▶ Brief
Transcribe only what runs from the line containing "Next question: solve" through the final line below, exactly, and leave every picture out.

▶ Dataset content
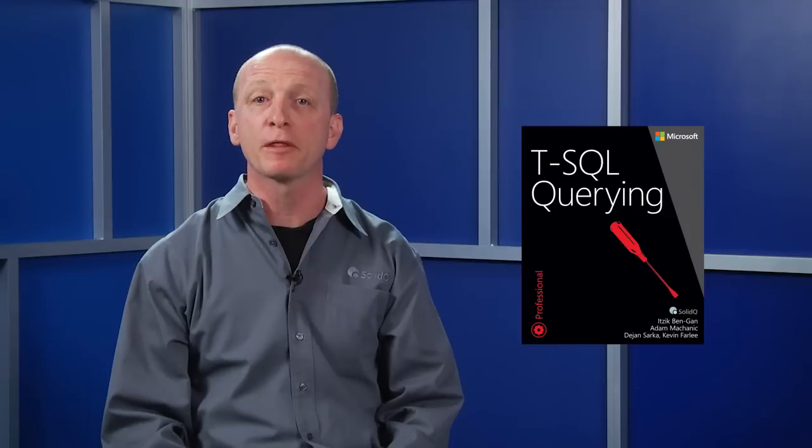The book merges topics from three older books: Inside Microsoft SQL Server T-SQL Querying, some topics from Inside Microsoft SQL Server T-SQL Programming, and also some topics from High-Performance T-SQL Using Window Functions. The book also adds coverage of newer features from SQL Server 2012 and 2014.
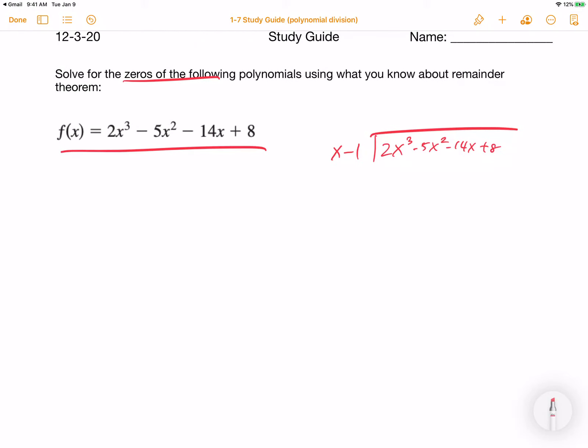Next question: solve for the zeros of the following polynomials using what you know about the remainder theorem. This is a type of question where you just keep checking numbers. For example, try f of 1 — do I get a 0? Try f of negative 1 — do I get a 0? You keep checking that way. The calculator portion I can't really show you here — you'll have to use that on your own — but let's walk through what figuring this out looks like.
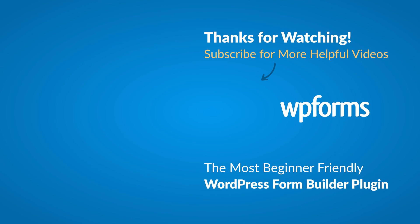Hey everybody, this is Daisy with WPForms. Thank you so much for watching, and if you enjoyed this video or found it helpful, please give it a like and subscribe to our YouTube channel where I can show you how to build smarter forms with WPForms through our how-to videos and more.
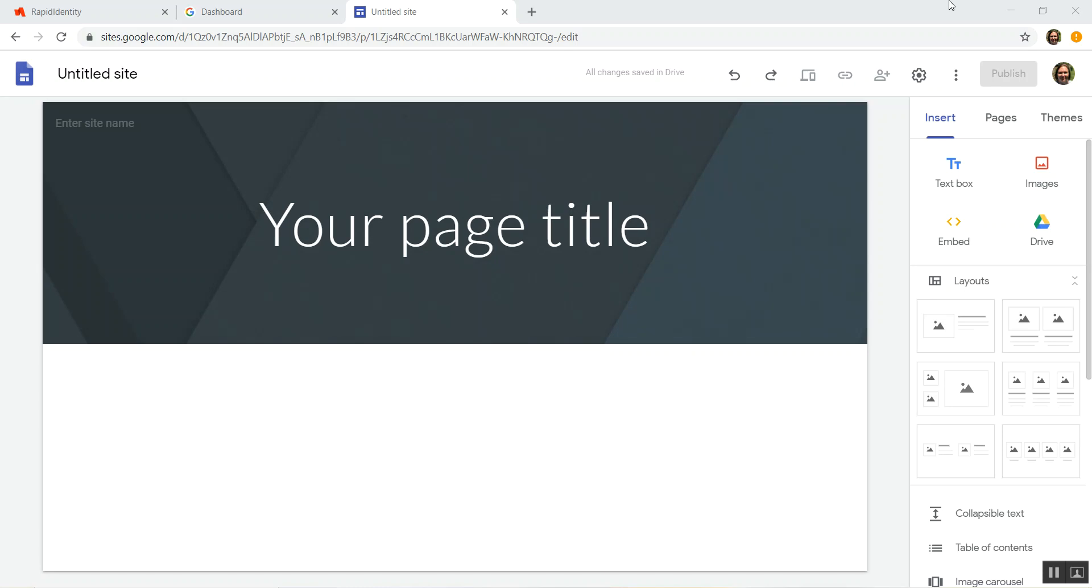Hey guys, so I already covered how you get to this point in my previous video, that is how to start a new site. This video will be specifically on how to create a new website.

▶ Exercise solution
Next question: solve for the zeros of the following polynomials using what you know about the remainder theorem. This is a type of question where you just keep checking numbers. For example, try f of 1 — do I get a 0? Try f of negative 1 — do I get a 0? You keep checking that way. The calculator portion I can't really show you here — you'll have to use that on your own — but let's walk through what figuring this out looks like.
Hey everybody, this is Daisy with WPForms. Thank you so much for watching, and if you enjoyed this video or found it helpful, please give it a like and subscribe to our YouTube channel where I can show you how to build smarter forms with WPForms through our how-to videos and more.
Hey guys, so I already covered how you get to this point in my previous video, that is how to start a new site. This video will be specifically on how to create a new website.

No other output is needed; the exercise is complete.